The Washington Post reported that China’s editorial roundly scolded the U.S. for “squander[ing] unlimited overseas borrowing,” and said those days were at an end. Beijing had said nothing in the days leading up to the budget agreement when downgrades were threatened. Now that it has become a reality, and the potential threat to its own investments has become more immediate, the country’s leaders have become openly critical of the U.S.
China’s own ratings agency, Dagong Global Credit Rating Co., had already cut the U.S. rating for the second time three days before. Its first cut was administered in November, although little attention was paid to it at the time.
According to a Reuters report, China’s anger over the U.S. debt situation masks its own economic situation, which is so heavily tied to exports that it maintains a constant influx of foreign currencies and their attendant risks.
Beijing is apparently concerned that its economic policies are moving too slowly to keep up with the global economic situation—both in foreign currency risk and in falling demand for exports as other countries continue to tighten their belts in austerity.
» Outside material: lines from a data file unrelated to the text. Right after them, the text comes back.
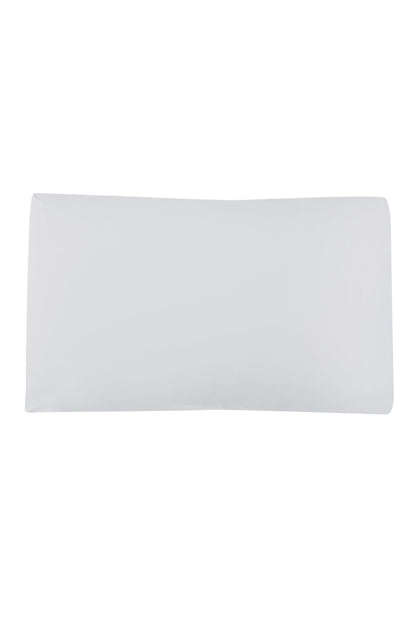 Standard Pillowcase in Storm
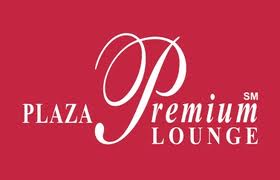 Plaza Premium Logo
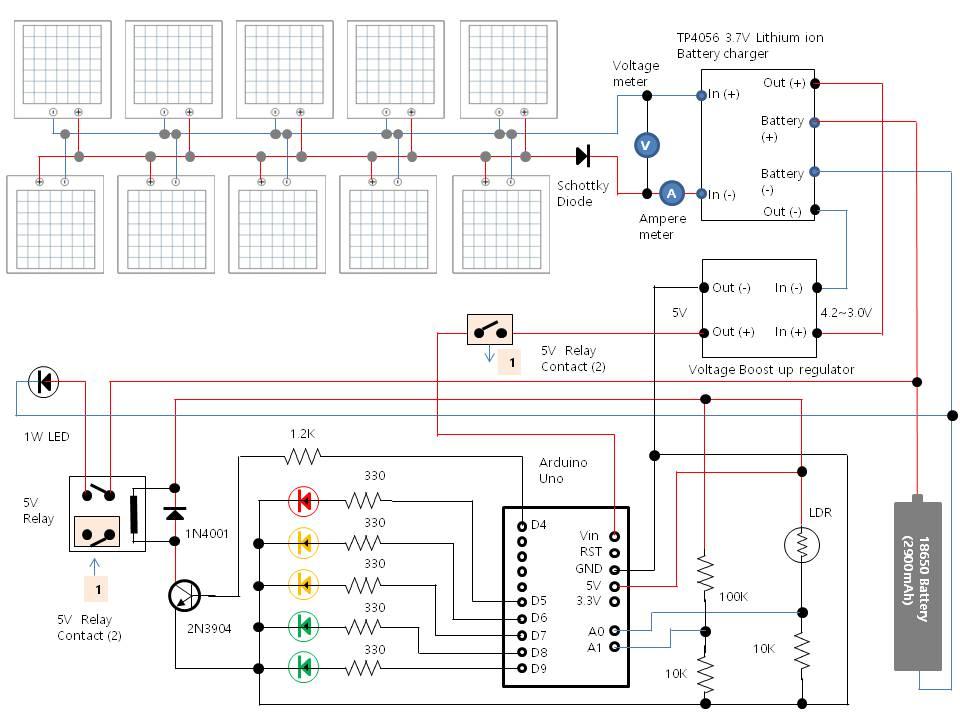 02_Schematics.jpg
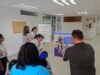 Conagua inaugura espacio interactivo para enseñar a niñas y niños el cuidado del agua mediante juegos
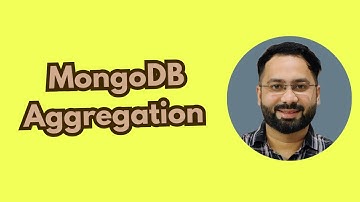 MongoDB Aggregation Framework: Match, Group, Project, Sort, Limit, Unwind & Lookup Explained
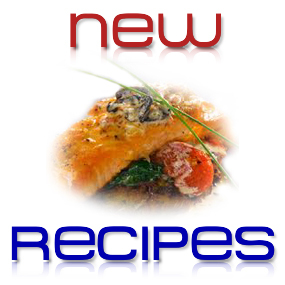 NewRecipeSite's profile picture. New Recipe Site offer new recipes, cooking video tutorials, latest glocery products, kitchen accessories, glocery coupons and much more.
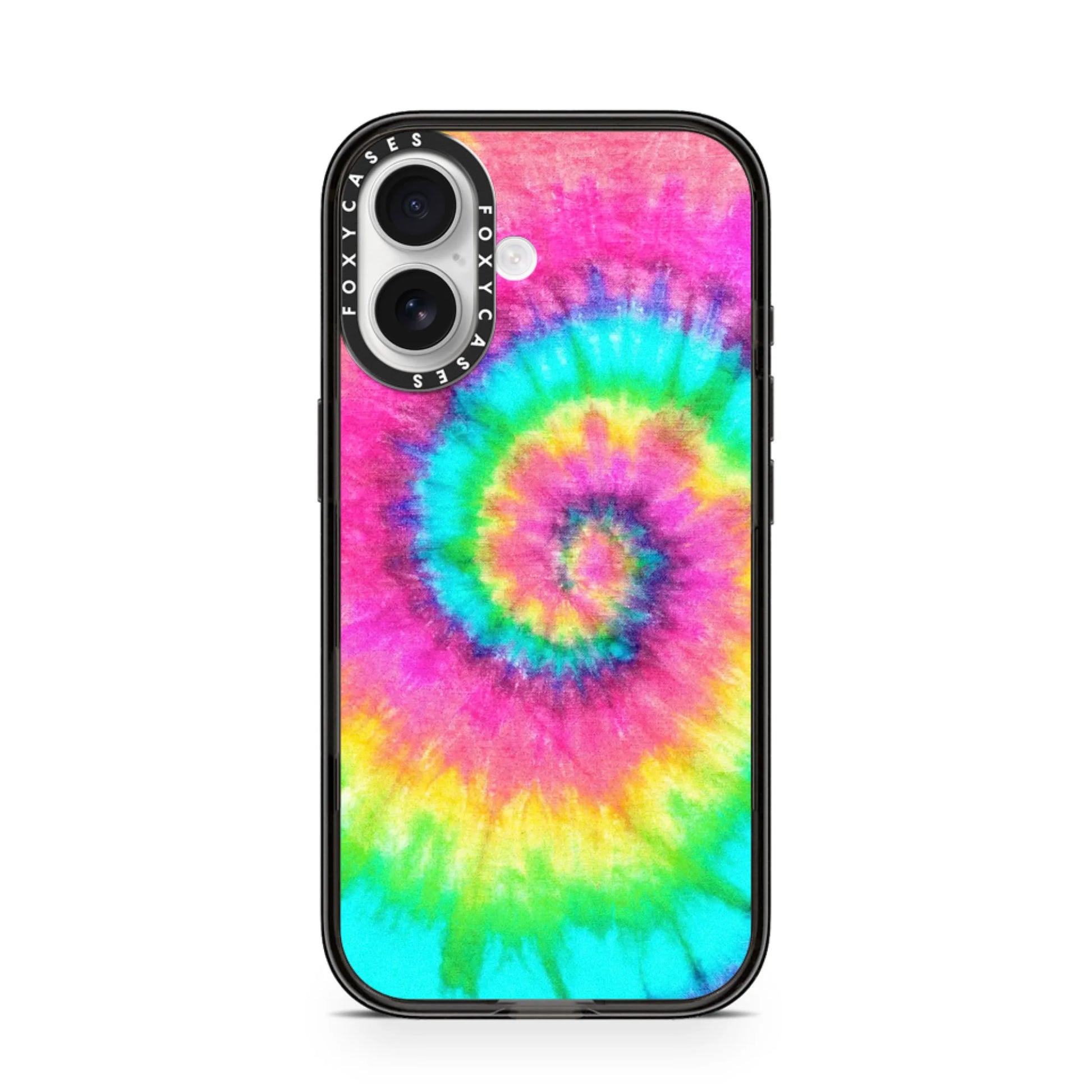 iPhone-17-White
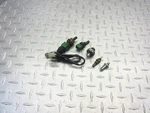 1988 88-90 Honda GL1500 Goldwing Oem Sensor Switch Lot Oil Neutral Temp Tested. Fixed Price $24.13.
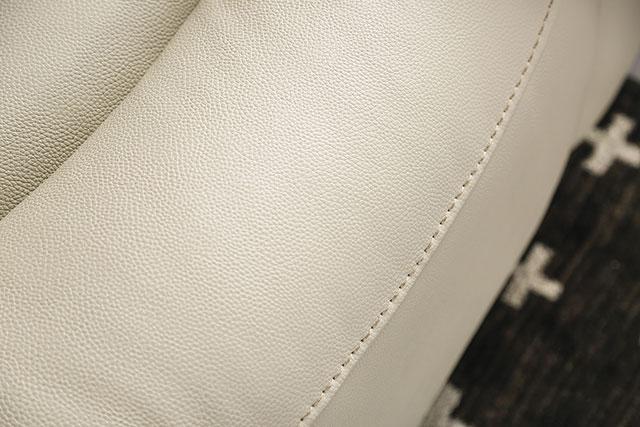 BARCLAY Power Motion Sofa - Casa Morelos / Coahuila Furniture (Oklahoma City, OK)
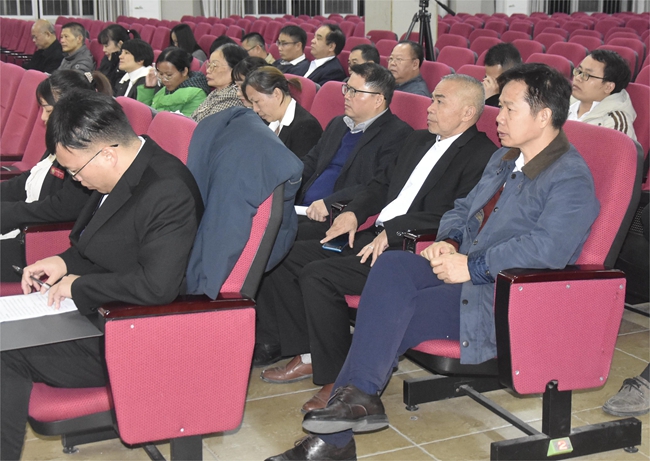 1701862791299186.jpg 102.jpg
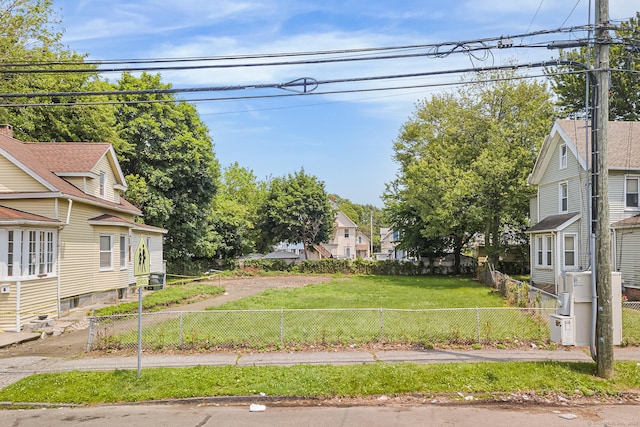 320 Union Ave, Bridgeport, CT 06607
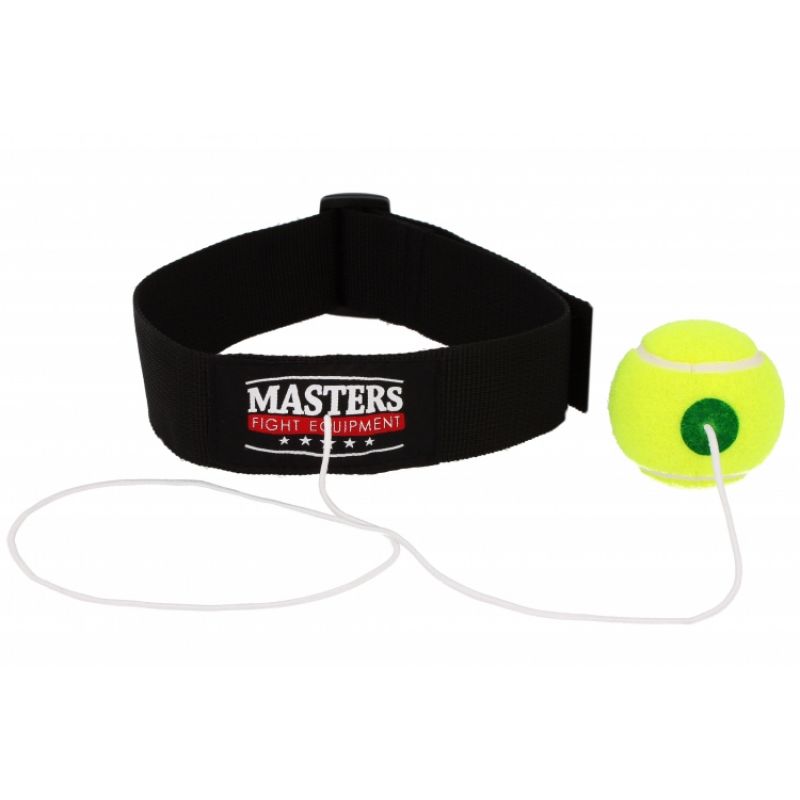 Masters SP-MFE-HEAD 141813 ref..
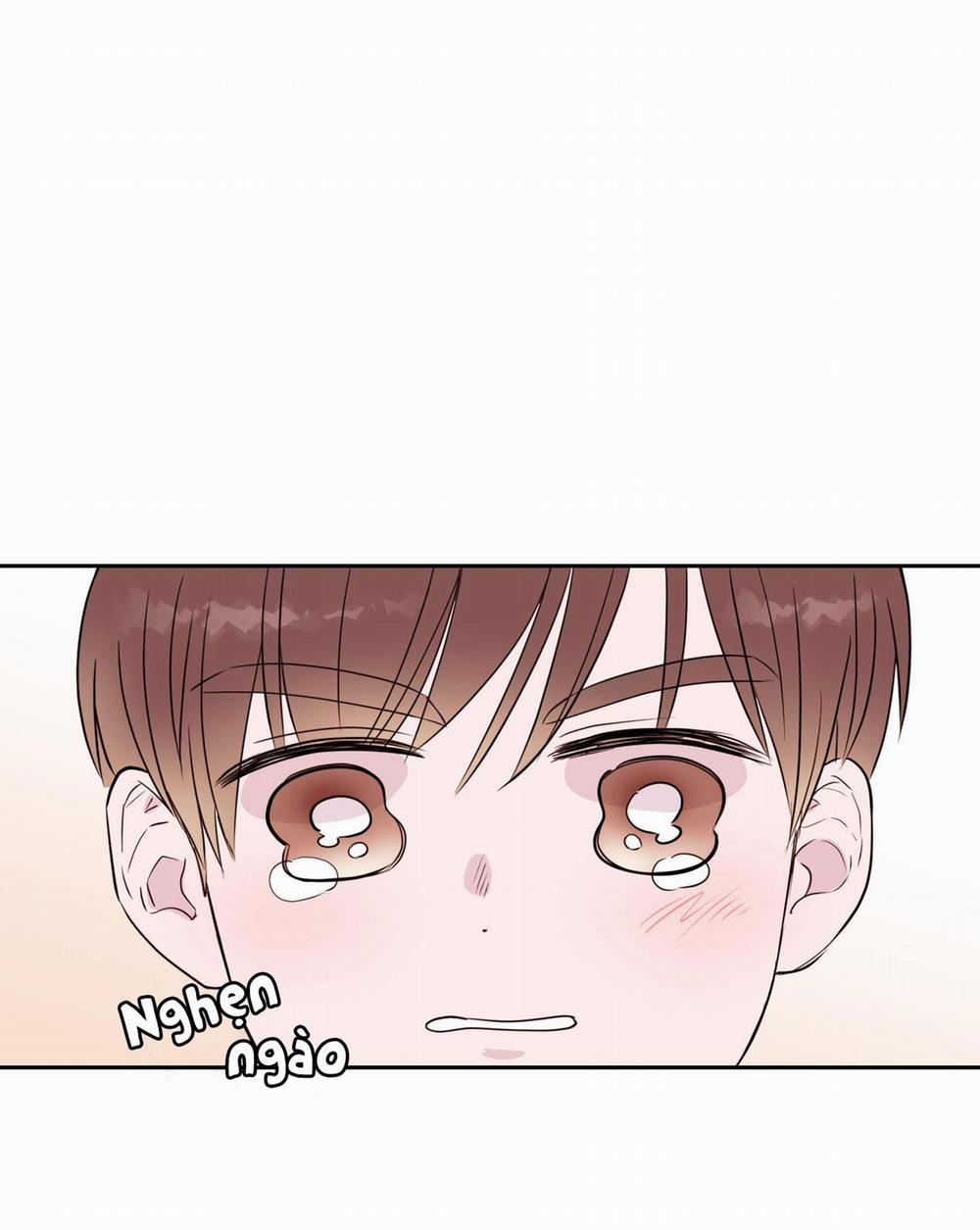 Tên Em Vợ Nguy Hiểm Của Tôi 11 trang 56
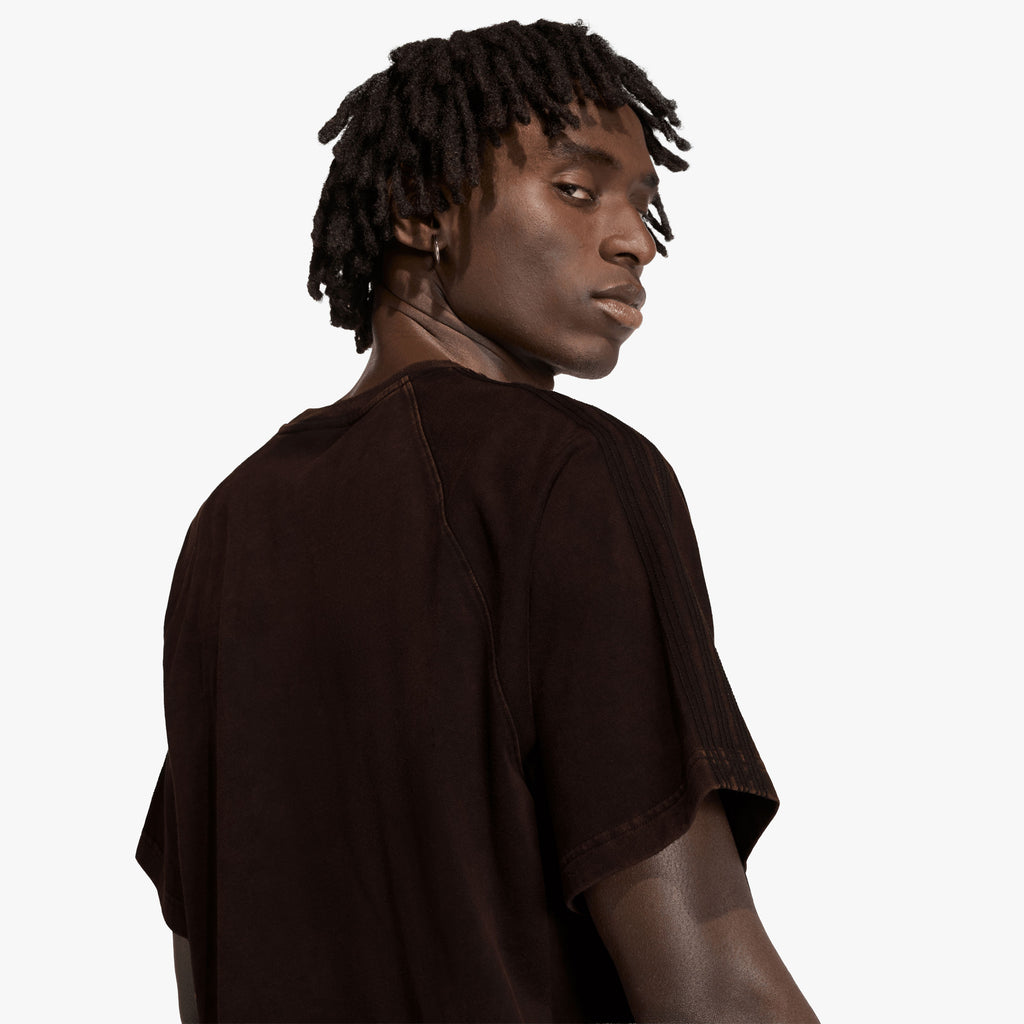 Adidas Camiseta Retro Premium Essentials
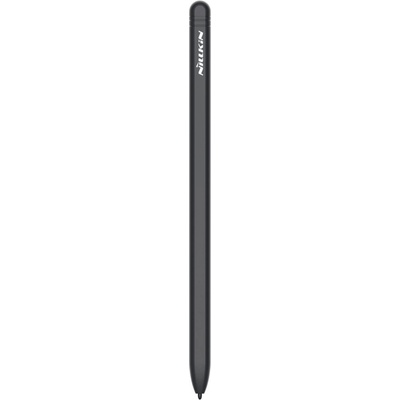 Nillkin Stylus iSketch S3 pro Samsung Tablet S series 57983121320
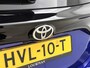Toyota Yaris 1.5 Hybrid 115 Active | NL dealeronderhouden |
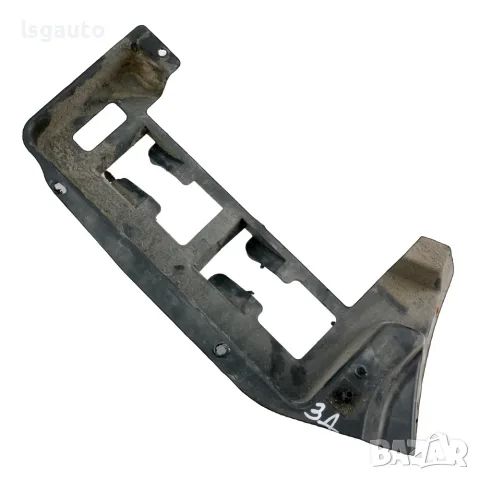 Десен държач задна броня Ford S-MAX 2006-2014 ID: 163635 OEM 6M21-17A881-AB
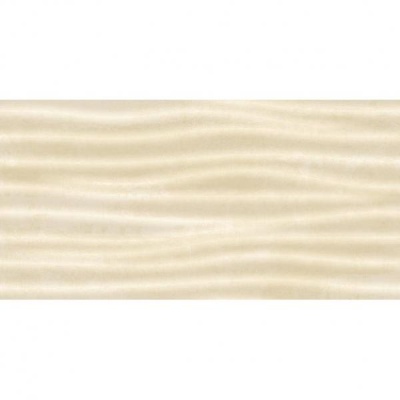 Плитка  настенная Laparet "Concrete"  декофон бежевый рельеф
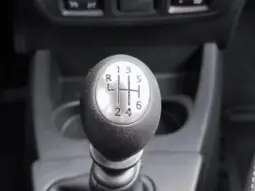 
										DACIA LODGY full									
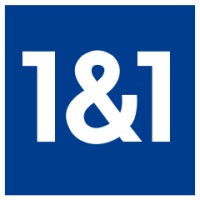 1&1 Telecommunication SE logo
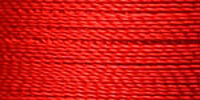 311 Нить "МН"  вышивальная 100% Vis 120/2 (намотка 5000 ярдов) красный
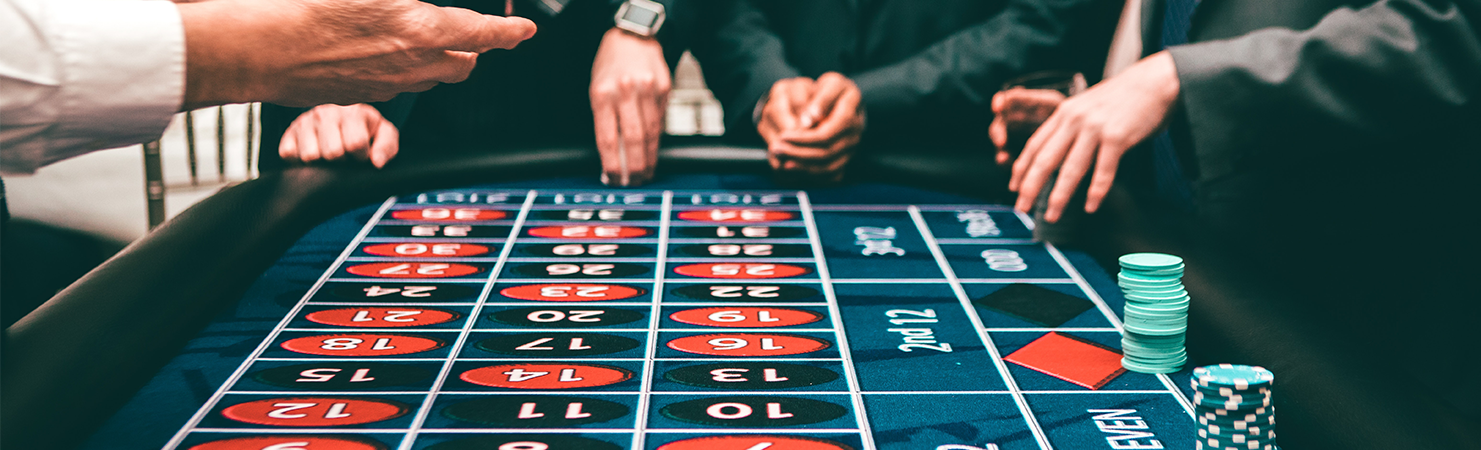 Not So Secret Techniques to Win Online Poker 
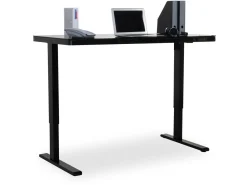 Discount HARPER Schreibtisch ALTBASSAR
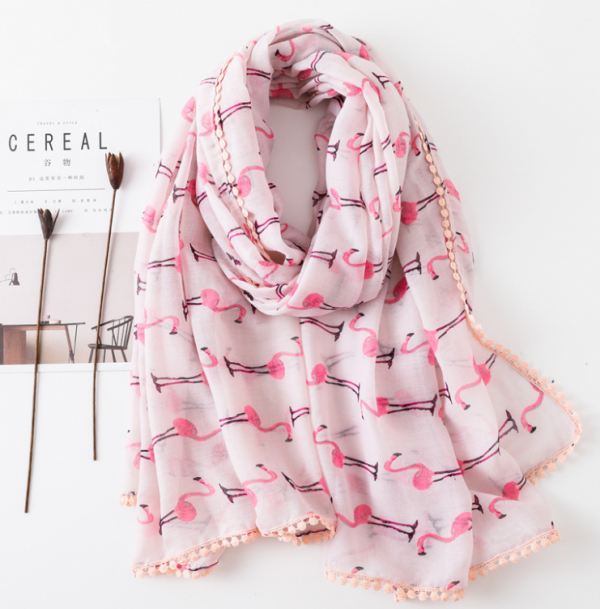 Gambar Hewan dan Burung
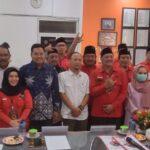 PDIP Gresik Daftarkan Bacaleg ke KPU Diiringi Grup Pencak Macan WhatsApp Image 2023-05-11 at 16.03.18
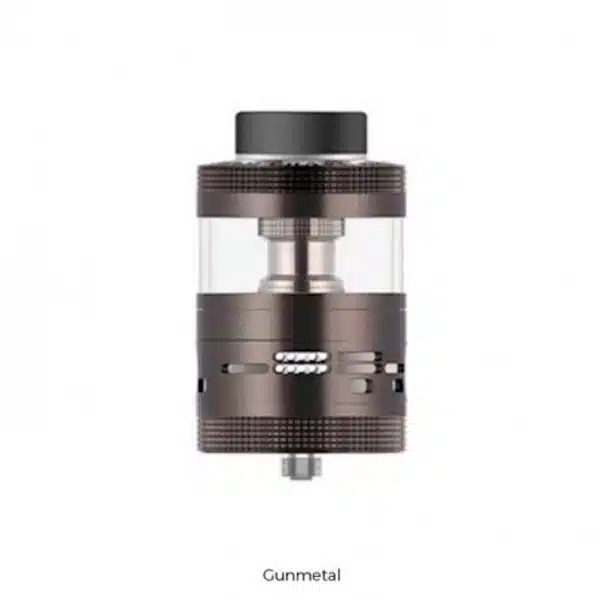 AROMAMIZER RAGNAR RDTA 35 MM 18 ML | STEAM CRAVE | STABIL – BILD 3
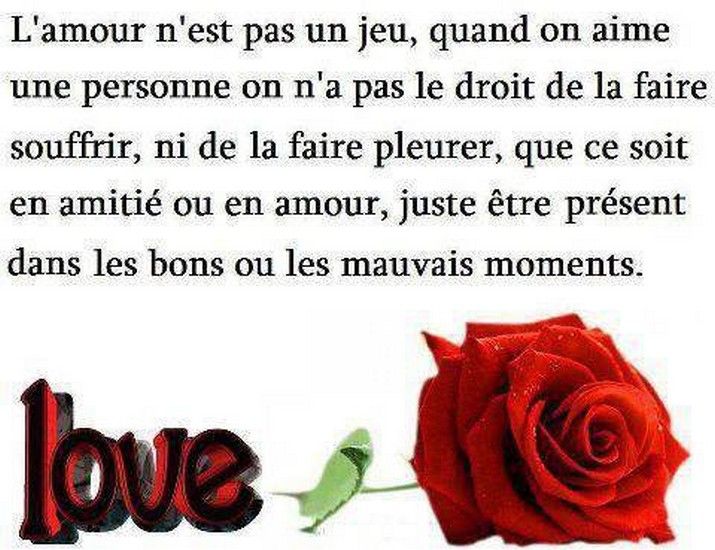Qui Denote Un Vrai Bon Sens 10 Lettres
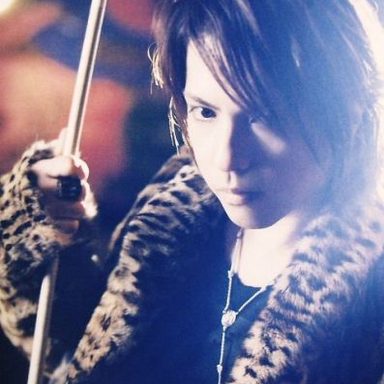 Hyde photo 31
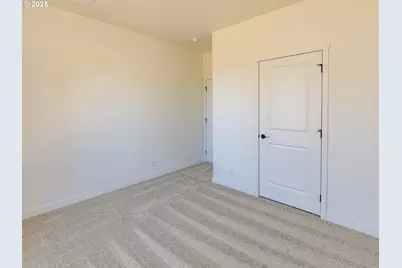 8008 NE 179th St #23, Battle Ground, WA 98604 - Photo 32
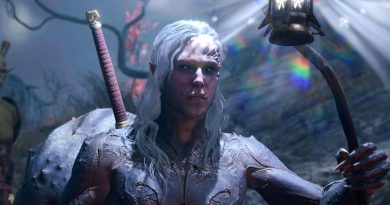 Epik savaşlar, derin hikaye, kaçırılmayacak fırsat!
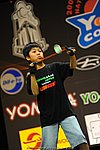 JN20090621_346.JPG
Officials have said off the record that China must change its policies in order to lower its trade imbalance and stock of foreign currency reserves.
While one step it is taking is to reduce restrictions on foreign investment, that has little effect on its enormous reserves. On Friday, Yu Yongding, a former central bank adviser, had called for a float of the yuan, as reported by AdvisorOne. While it is doubtful that China will permit that any time soon, the fact that such a step was called for in public, says the report, indicates that the country is ready for more drastic change than it has previously allowed.